Again, thank you for answering those 2.


----------



## CHovek

Lahru said:


> Still wondering about that first term 'korçi' , but perhaps I'm spelling that wrong too.


Korçi is not a real word.Those two men made it up for calling each other in a friendly way.


----------



## RimeoftheAncientMariner

You are Welcome

It would be pronounced like

TAIFA ( tie - fah )


----------



## N4O1

"I" is pronounced as "AY" in Turkish also in Turkish, every letter has only one sound.


----------



## Jb77

CHovek said:


> Korçi is not a real word.Those two men made it up for calling each other in a friendly way.


 
This is not true, the meaning is 'one I miss', or 'someone I think about'. They didn't make it up.


----------



## _Ozgur_

Go to Google translate web site, select Turkish as language, write the word and press the speaker icon. You should hear how it is pronounced.


----------



## Resneli

Bahsedilen TV programını bilmiyorum ama şubat, evet, yılın ikinci ayının adıdır. Ayrıca İstanbul argosunda "kafası az çalışan, saf, geri zekalı" anlamlarında sevimli bir takılma sözü olarak kullanılır (yılın en kısa ayı ya! ). Bu anlamda evcil hayvanlara da isim olarak konur, kardeşimin Şubat adında bir kuşu vardı mesela. Belki bu karakter biraz saf, salaksa onun için "Şubat" lakabı takılmış olabilir. Yoksa normalde insan ismi olarak kullanıldığını duymadım. Bunu da bir not olarak eklemek istedim.


----------



## Resneli

Jb77 said:


> This is not true, the meaning is 'one I miss', or 'someone I think about'. They didn't make it up.

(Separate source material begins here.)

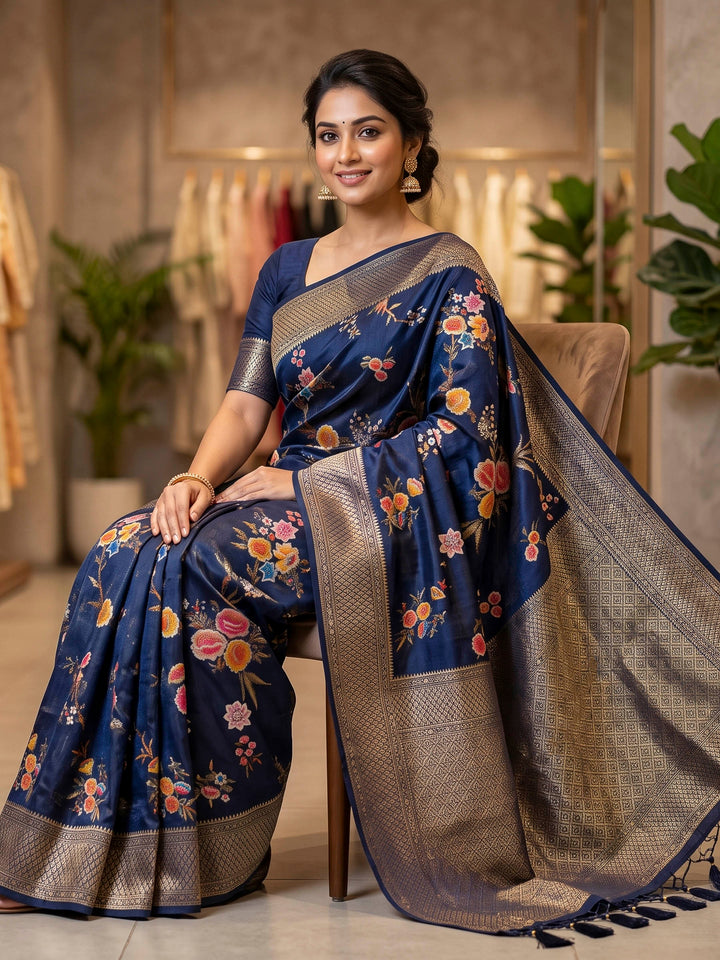 Navy Blue Art Silk Woven Saree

Ben "korçi" diye bir söz hiç duymadım, elimdeki sözlüklerde, kaynaklarda da geçmiyor. Bu bilgi hangi kaynaktan acaba? Yöresel bir tabir mi?

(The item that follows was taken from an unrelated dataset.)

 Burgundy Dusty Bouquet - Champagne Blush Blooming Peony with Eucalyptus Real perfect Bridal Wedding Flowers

@Lahru "koçum" diyor olabilirler mi acaba? Koç, bir hayvan adıdır, bildiğiniz gibi, koyunun erkeğine koç denir. Özellikle erkekler için, bir sevgi sözü, hitap sözü olarak kullanılır. Arkadaşlar birbirlerine "koçum" derler. "Hey, koç!", "koçum benim be!" vb.  Bu gibi kullanımlarda koçun güçlü, kuvvetli bir hayvan olmasına gönderme vardır. Koç, İngilizce "coach" sözü gibi telaffuz edilir. Koçum: 1. tekil şahıs iyelik eki almış formudur, "benim koçum".


----------



## gotcontrol

news/haberler


----------



## mscir

Jb77 said:


> This is not true, the meaning is 'one I miss', or 'someone I think about'. They didn't make it up.


Thanks, I used google translate but it translated "korçi"  to  "Korçan of", I appreciate your correction.


----------